Taking into consideration the pensions crisis and high levels of personal borrowing, other things being equal, it is not difficult to imagine a fairly bleak economic future with persistently low house prices and lower levels of personal consumption, despite efforts by the Bank of England to show these are not directly linked. Of course necessity is the mother of invention, so harder times might generate the inventive spark that will produce the new economic growth to get us out of any long-term hole and into a healthy and happy retirement. But looking from today, society may not be very well equipped for such a venture. In particular, the falling level of numeracy (the number of people enrolling to become maths teachers apparently fell off a cliff in 2001) does not bode well for our economic future. Maths maths teaching is a subject I will return to time and again.

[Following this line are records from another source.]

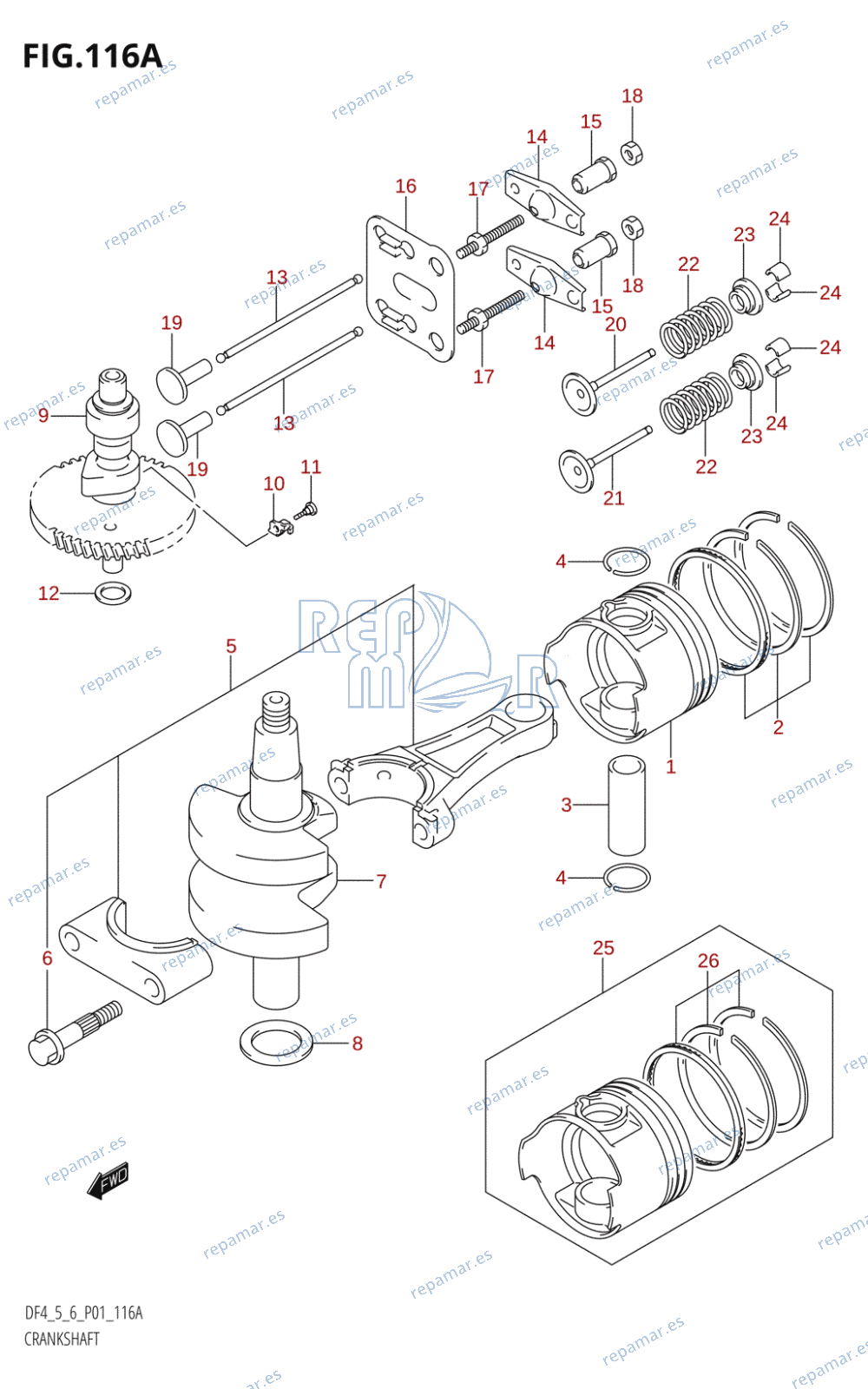 116A - CRANKSHAFT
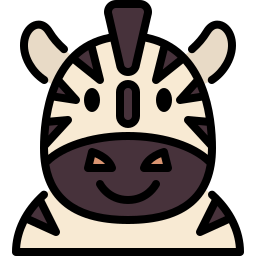 zebra ikona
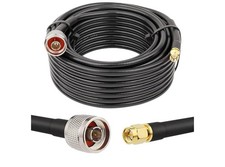 Image of MOOKEERF 35ft Low Loss N Male to SMA Male Coax Cable for WiFi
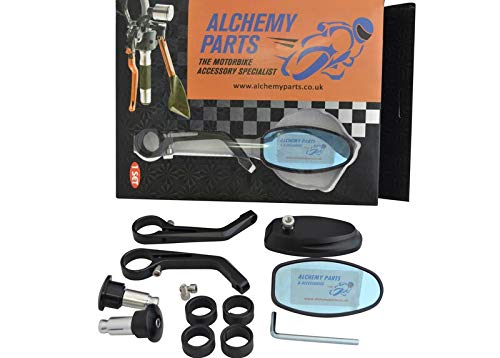 Haute Qualité Embout Guidon Miroirs - Aluminium Usiné CNC - Paire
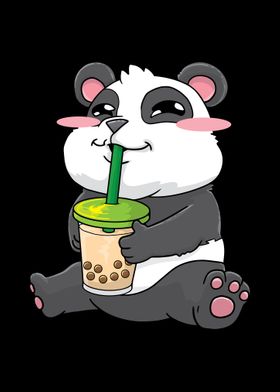 Panda Bubble Tea Boba Drin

How would this be reversed? In the early 18th century British economic growth was constrained because charcoal was the only useful source of fuel to make good quality iron. The supply of wood for burning had natural limits. Abraham Darby left Bristol in the early 18th century for Coalbrookdale, experimented with coke to produce cheap iron to make pots, and the industrial revolution was born. The rest, as they say, is history.
Whether any of the technological advances of the past few years are as profound as we feel they are, and as profound as Darby’s, only time will tell. It could be that the sequential financial crises of the past few years that seem to be culminating in a global housing bubble are just a hiccup, although possibly severe, in a much deeper economic and social change than even the technophiles and dotcommers appreciate.